Recently I was made aware that rotating videos on the Pi3 was slower with the new KMS/DRM method of displaying content on a screen. This resulted in a technical deep dive into why rotation worked faster in previous versions and what to do about this for a future release.
Difference between older firmware and KMS/DRM
With all models up to the Pi3, the default back then was to run video output through a firmware running on the Pi. There was a proprietary API (dispmanx) to control how output was placed on a screen. Here’s a very old blog post about this.
When rendering a landscape video rotated by 90/270 degree (so it can be placed the “right way up” on a 90/270 degree rotated display), the dispmanx API allowed info-beamer to directly rotated that video with quite low overhead.
KMS/DRM is a standard API on modern Linux systems to interact with graphics cards and display hardware. It makes sense to switch to this method on the Pi too to make it more compatible with modern software (like labwc or wayland) and make the Pi more future proof. This API was first supported with the Pi4 and is mandatory on the Pi5. The implementation is backwards compatible with older Pi models and thus the Pi3 also supports it.

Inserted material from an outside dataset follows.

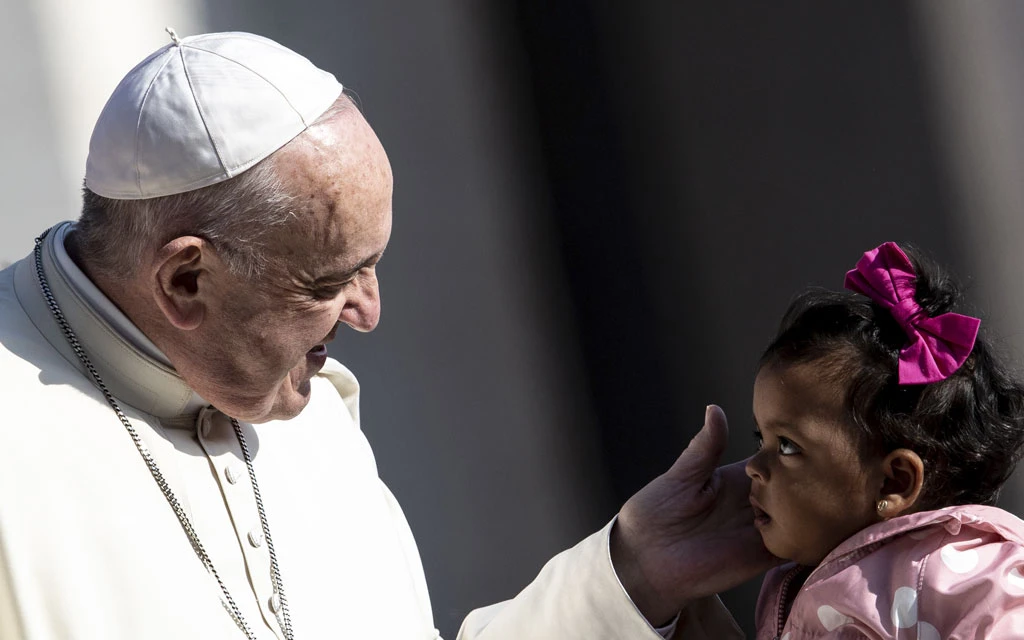 La Iglesia en Latinoamérica llora la muerte de Francisco, el Papa de la misericordia y la ternura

The Pi3 is also the only older models that supports running in 64bit mode. Unifying the Pi3, Pi4 and Pi5 sounds promising as it would allow packages like the new web browser to run on a Pi3 and would simplify adding new features in the future.
Unfortunately rotating video content by 90/270 degree using DRM/KMS isn’t simple: In theory DRM supports such rotations, but neither 90 nor 270 degree are supported by the Pi.
How video data is represented
Videos normally use the YUV420 pixel format. One would expect each pixel of a video to be represented by three bytes (red, green and blue). But videos often use a trick to reduce memory usage by half: They instead encode each pixel with one byte of luma (the Y component) and then for each square of 2x2 pixels another two bytes of chroma (U and V). This means the the two chroma channels are scaled down by 50%.
For a 1080x1920 video, this would result in a 1080x1920 luma buffer and two 540x960 chroma buffers. Combined resulting in a memory size of only 1.5x times the resolution of the video. This saves a lot of memory as the naive encoding of using one RGB byte triple per pixel would result in each video frame being 3x its resolution.
The H264 hardware decoder on the Pi returns the decoded video as three concatenated Y, U and V buffers.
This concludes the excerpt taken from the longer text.